My daughter is now 15 months old, and both of these pieces of advice ring true in different ways. My daughter has enhanced my life in the most unexpected and beautiful ways. I can hardly remember who I was, and what life was like, before; I am all at once a completely different person, and more myself than ever. She imitates me, and I see her learning all day every day, which inspires me to be creative, but also to witness her own instinctive creativity, which in turn inspires me.

When it comes to practising and making music, I do find it very challenging to keep up the same level of discipline and time as I did before having a child. I do not practise “enough”,nor allow myself to create if I otherwise feel jumbled and exhausted due to the intense juggle of parenting (I am still attached to having the ‘perfect environment’ for inspiration, and solitude is essential), and the rare moments I do get to myself I often feel dumbfounded by the silence and space. But, as my mum recently reminded me: “you’ve got all that experience stored up” – meaning my musical resources have not left me since becoming a mum, and I rely on this when I’ve had to somehow pull off a high pressure show with minimal preparation. So much of motherhood is trusting yourself in different ways. And, to this end, I am glad I waited til I was in my late 30’s to have a child, because I can lean into my life experience as a musician, as a creative person, and knowing myself. 

My child inspires me at all times, yet I’ve so little time to process the inspiration. It is such a crazy and inexplicable conundrum.

LJN: What information or advice do you wish you’d received but didn’t (and had to learn through trial and error or on the go)?

JW: As a new mother the actual birth experience is still very present in my memory, and I wish I had been told in visceral detail about the pain I was to expect; the pain of the birth experience, and also the postpartum experience. Perhaps the personal nature of these experiences means that it is impossible to truly prepare, even after hearing other’s accounts. The birth “industry” is full of terms that downplay, for instance: “baby blues”, or “labour is intense” – but for me the baby blues were closer to postpartum depression, and my contractions felt like my body was splitting in two. Both were very scary: I thought I was losing myself entirely, and because it’s something talked about in only clumsy and veiled terms, I felt alone. 

Birthing a child, and birthing oneself into motherhood, is the most profound transformation one can make. It is indescribable. Having become a mum I am aware how much support a new mother needs (sorry all my mum friends who went first and I didn’t even bring you a hot meal!!), and how much time it takes to physically, emotionally and mentally heal from the transformation and (rarely described as) trauma of childbirth – even if you have a smooth birth like I did. It is all at once the most sublime and unsettling experience. I am a physical person, I love athletic endurance and don’t shy away from pain, but I need to know what I am in for so I can mentally prepare. However, nothing can prepare you for childbirth, and I feel somehow shortchanged by the wealth of ‘gentle’ information out there that has a way of inadvertently making the person who is giving birth all too easily feel like they have failed in some way if their birth didn’t go the way they had hoped. 

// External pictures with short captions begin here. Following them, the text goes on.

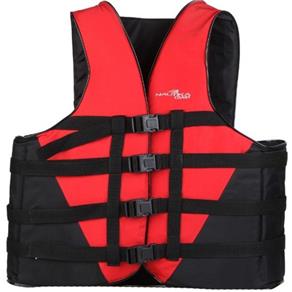 Colete Coast 80 Kg Nautika - Preto-Vermelho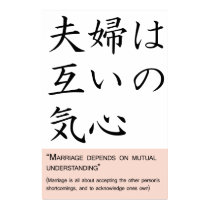 Marriage depends on mutual understanding posters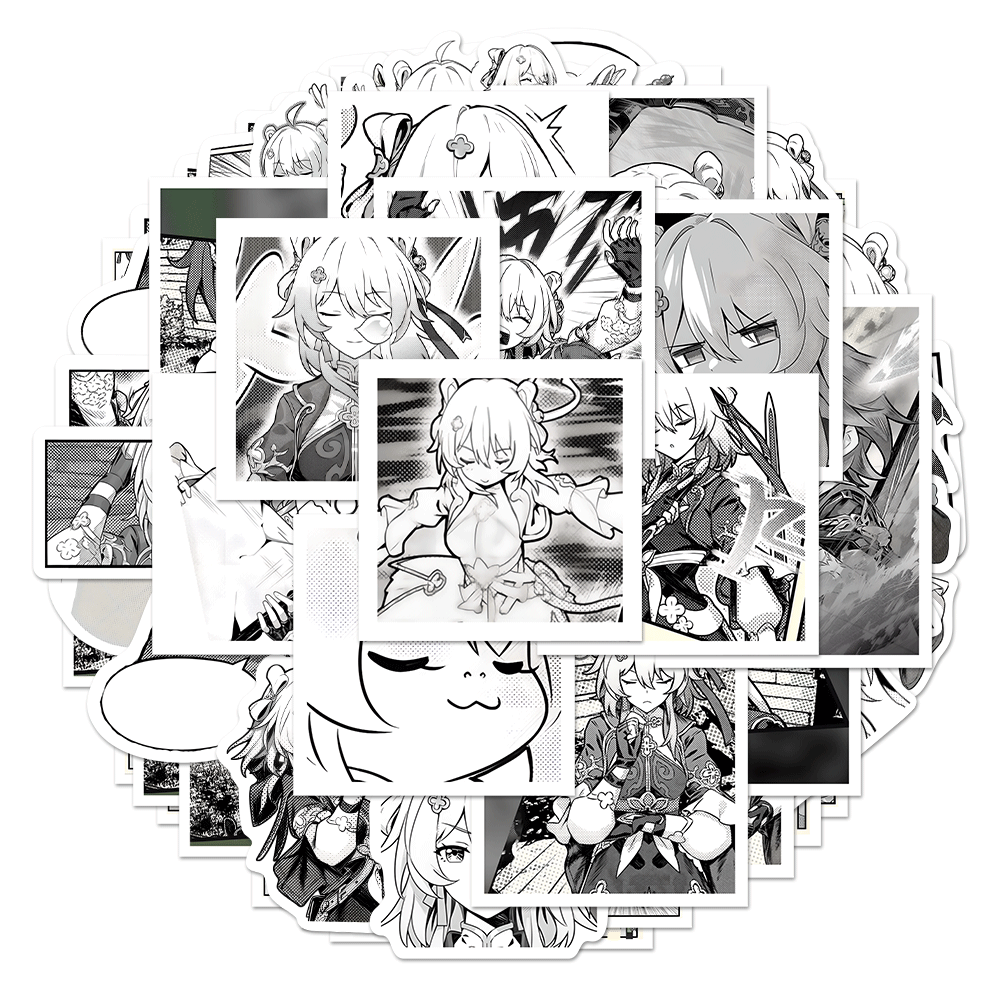 50 March 7th comics stickers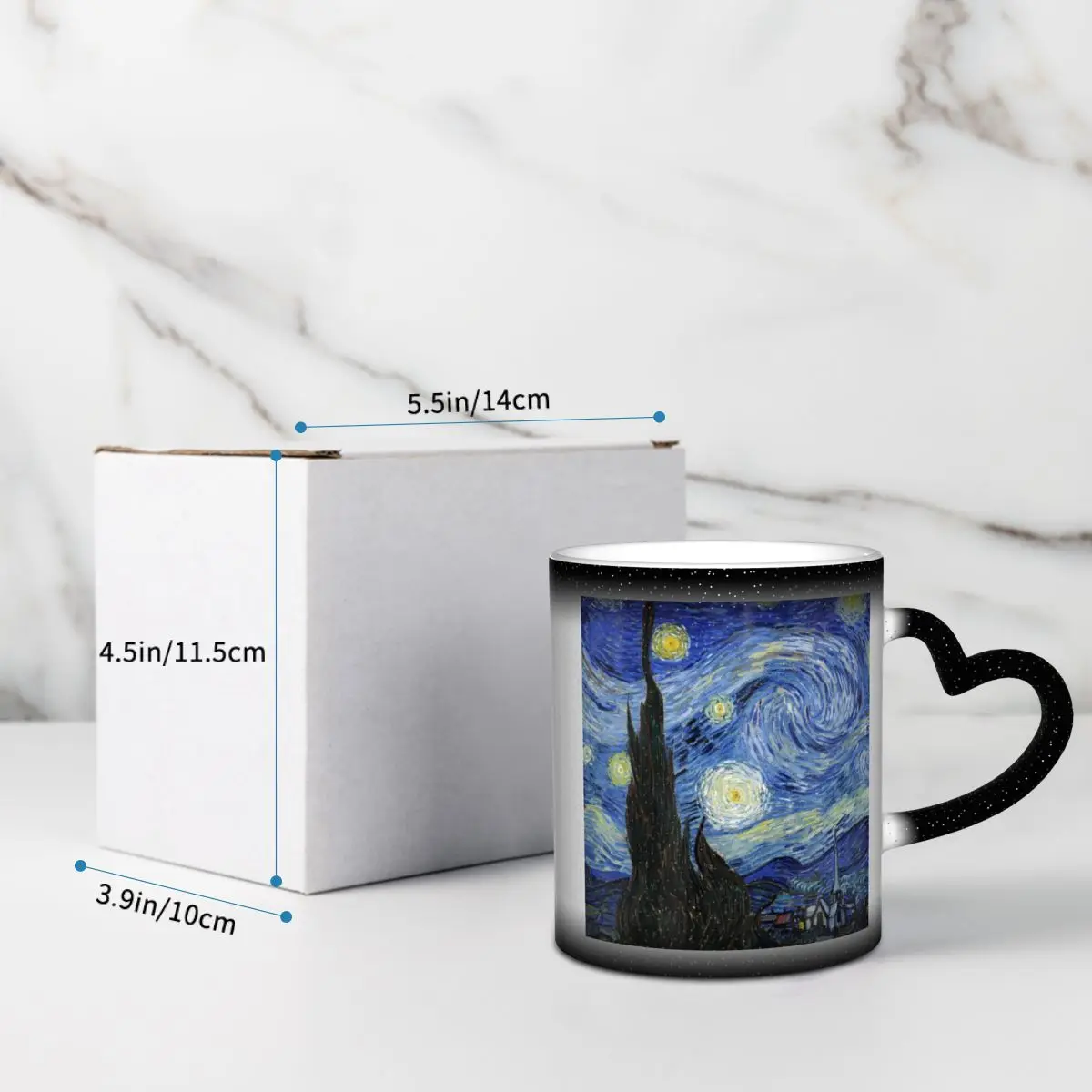 Van Gogh Mug Funny Ceramic Cof - Coffee Tea Van 리뷰 및 가격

It took me about three, no six, uh, maybe twelve months to begin to feel like myself again, and now, 15 months on, I am realising that actually, the myself I feel now is entirely new and different to the myself I was before becoming a mother. But I am happier and richer than ever before.

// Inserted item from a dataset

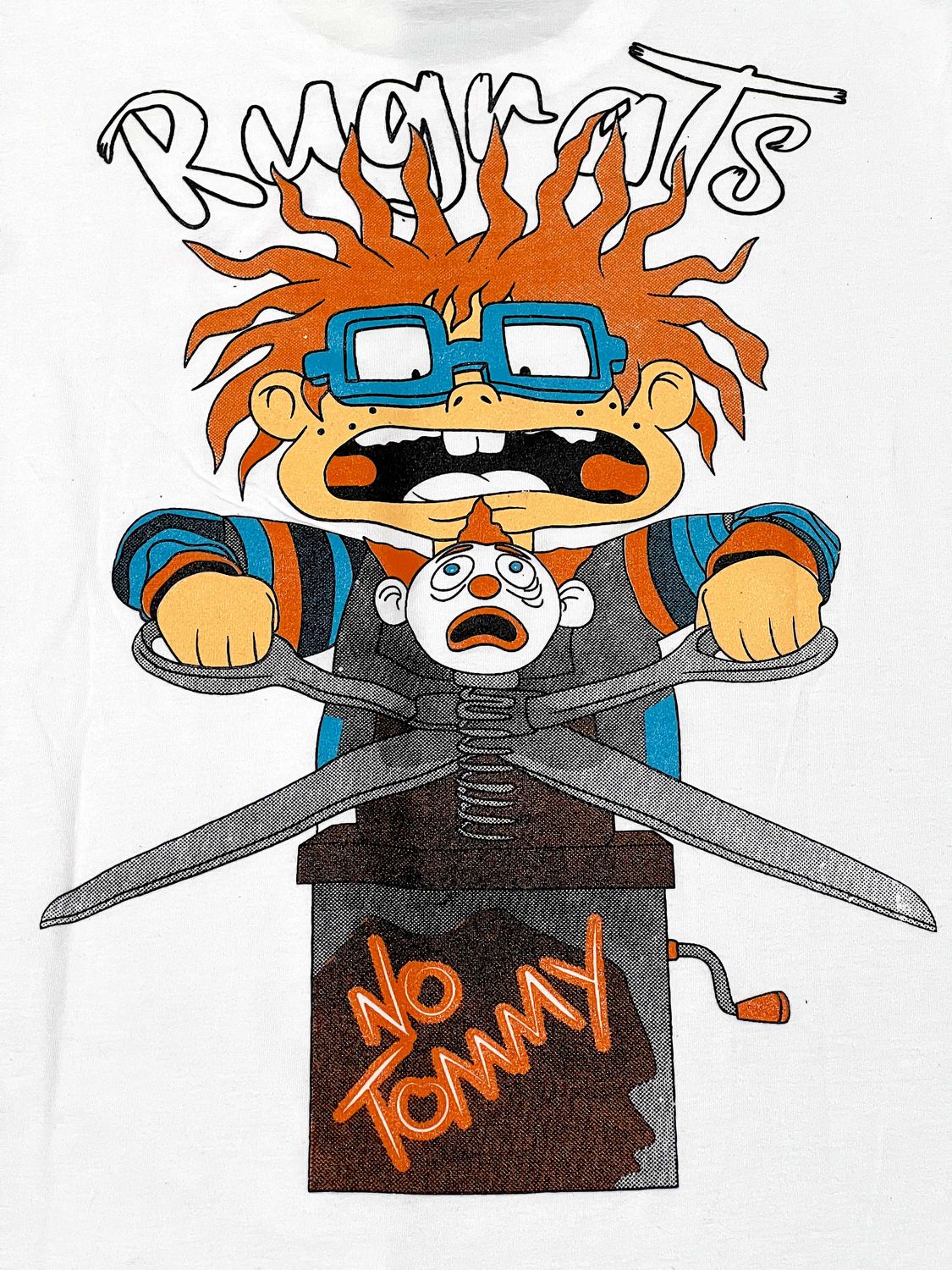 T-Shirt Carlitos Finster | Rugrats - blanca - Unitalla S|M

LJN: Your top tip(s) for other mothers in jazz:


  • Try not to let the worry of becoming invisible, or not having time to make music, or losing gigs when people find out you’re pregnant, etc. stop you. Mothers are powerful beings… we can literally do anything and everything!
  • Bring your baby to work as much as possible – on zoom meetings, to rehearsals, even onto stage. I’ve done this out of necessity – for instance when my girl was 4 months old I had her in the baby-carrier snuggled between me and my guitar for an entire concert because you could hear her crying from the dressing room… and she hung out on stage happily with me, which in turn made me happy, the audience happy, and I wouldn’t have changed that for the world. 
  • My best friend told me, “your baby will teach you everything”. What Calliope has taught me is to flow. You literally have to move with the moment, not against it, and then your days will be beautiful. Bringing her to my musical events is the greatest thing for me, for my baby, for my colleagues and audiences. Babies have a way of softening the light and bringing joy and acceptance to every situation. I wish every work space welcomed children – universal creche and childcare in the workplace from now on please!
  • Before giving birth I imagined I would sing non-stop to my child from the moment she was born. Yet, in those first days after I gave birth I literally couldn’t sing. I was on such a different planet and felt I had lost my ability to make any sound at all. All I could do was stare at my child in silence and listen to her breathing, hold and love her, and cry, and feed my baby, and sometimes sleep, and be silent as I absorbed the enormity of this new role as mum into my being. But then, after about a month, I started quietly singing to my daughter. It was very private and at first I didn’t really let anyone except her hear it. But then my voice grew and now I sing to her all the time, and she sings back! 
  • My voice has grown and revealed colours I didn’t know I had. My confidence and drive to sing with others has evolved, and I am now singing with multiple professional choirs in Los Angeles – something I never imagined I could be doing before I became a mother.  Maybe it’s the physicality of growing a human and the hormones that have changed my voice. Maybe it’s an emotional release. Maybe it’s the superpowers of being a mum. I don’t know. 
  • So, top tip? Trust in the passage of time (don’t you hate when someone says that?!)
  • The beginning is as hard as you are warned about, and more, but then you will begin to find yourself again, and your love of music and motherhood will become one, as if they always were.
  • Another tip – get your baby used to sleeping everywhere and anywhere,  so you can travel and continue to embrace the crazy schedule of a freelancing musician.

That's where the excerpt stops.